Quatre questions sur la loi contre le démarchage téléphonique abusif
Le Parlement a adopté définitivement, mercredi soir, un texte sanctionnant plus durement les campagnes de prospection par téléphone.
C'est un "fléau" qui "empoisonne la vie" des Français, ont concédé tous les groupes politiques de l'Assemblée nationale. Le démarchage téléphonique sera désormais plus lourdement sanctionné, comme le prévoit une proposition de loi centriste, adoptée définitivement mercredi 15 juillet. Quels sont les abus visés par ce texte ? Quelles sanctions seront mises en place ? Franceinfo fait le point.
1Qu'est-ce que le démarchage téléphonique abusif ?
"On parle de démarchage téléphonique abusif lorsque vous recevez des appels téléphoniques commerciaux non sollicités", explique le site de l'administration française. Concrètement, des entreprises vous contactent pour tenter de vous vendre un produit ou un service, alors que vous n'avez pas donné votre accord pour ces appels, et que vous n'avez pas donné directement vos coordonnées à l'entreprise.
"Trop de nos concitoyens sont victimes d'abus en matière de démarchage téléphonique et d'usages frauduleux de numéros surtaxés, parfois plusieurs fois par jour", a estimé Agnès Pannier-Runacher, ministre déléguée chargée de l'Industrie, dans un communiqué (PDF). Le démarchage téléphonique est notamment récurrent dans le secteur de la rénovation énergétique, où des entreprises profitent des subventions publiques pour abuser des ménages, rappelle le ministre de l'Economie.

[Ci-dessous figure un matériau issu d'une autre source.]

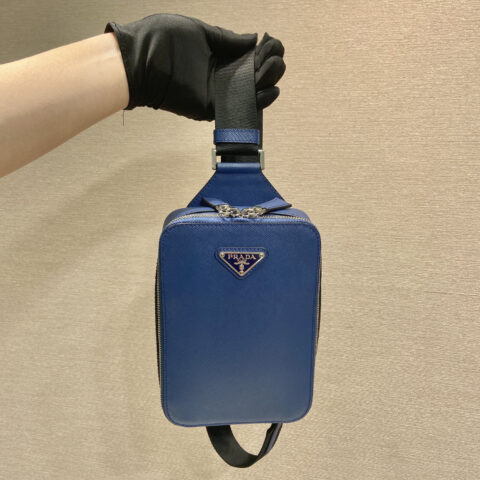 PRADA🎉新款胸包🎉2VZ106胸包新色🎉🎉蓝色
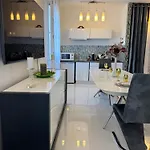 Maison Ariana Apartment *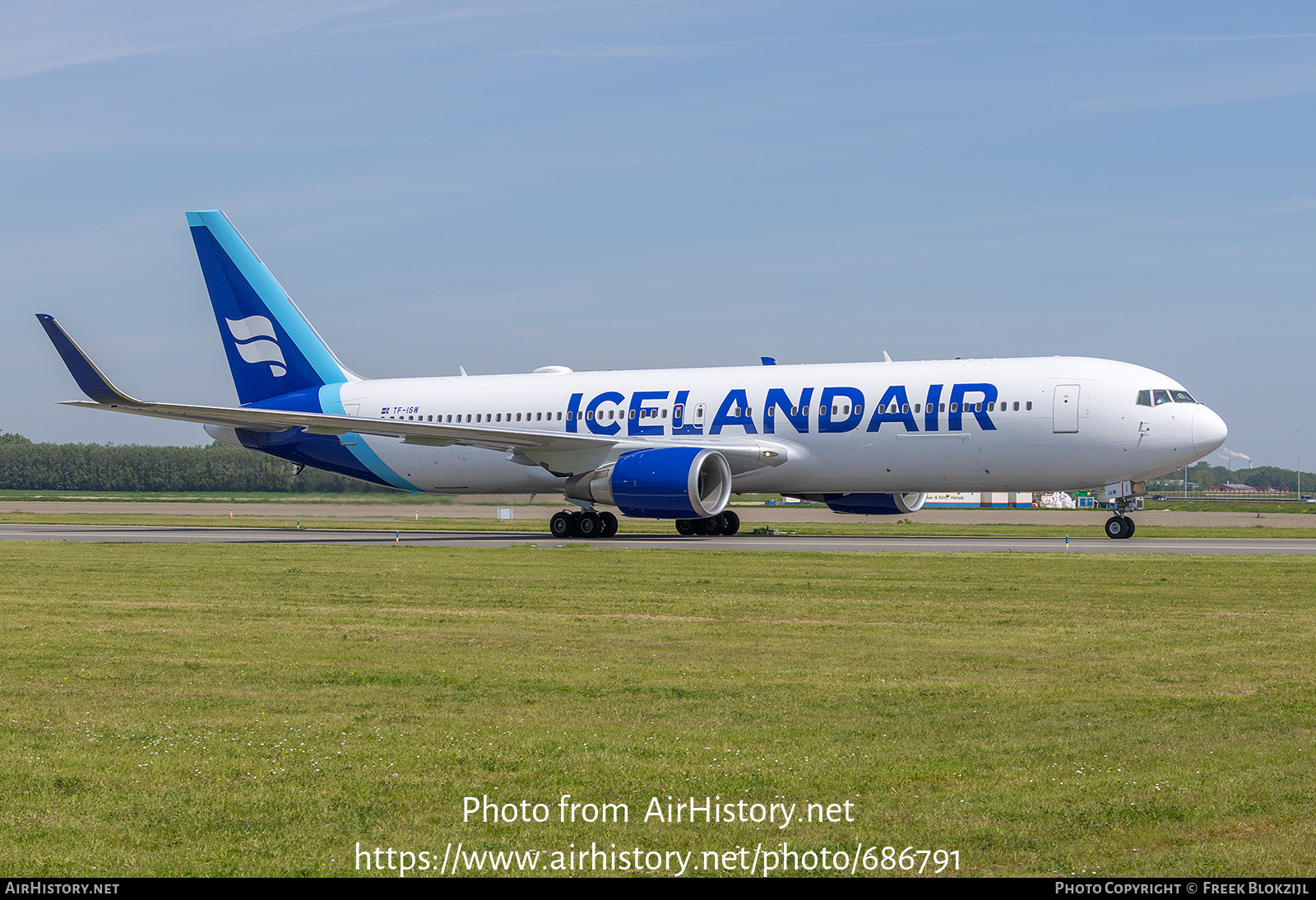 Aircraft Photo of TF-ISW | Boeing 767-319/ER | Icelandair | AirHistory.net #686791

"Au-delà du trouble à leur tranquillité, ces abus peuvent conduire à des préjudices financiers graves, en particulier chez les personnes vulnérables", ajoute par ailleurs Agnès Pannier-Runacher. Les personnes âgées sont ainsi plus exposées au démarchage téléphonique, car elles "sont à domicile bien plus que les actifs, et donc essuient un nombre plus important d'appels que les plus jeunes", analyse Cédric Musso, directeur de l'action politique à l'UFC-Que Choisir, sur franceinfo.
2Que prévoyait jusqu'ici la loi pour lutter contre cette pratique ?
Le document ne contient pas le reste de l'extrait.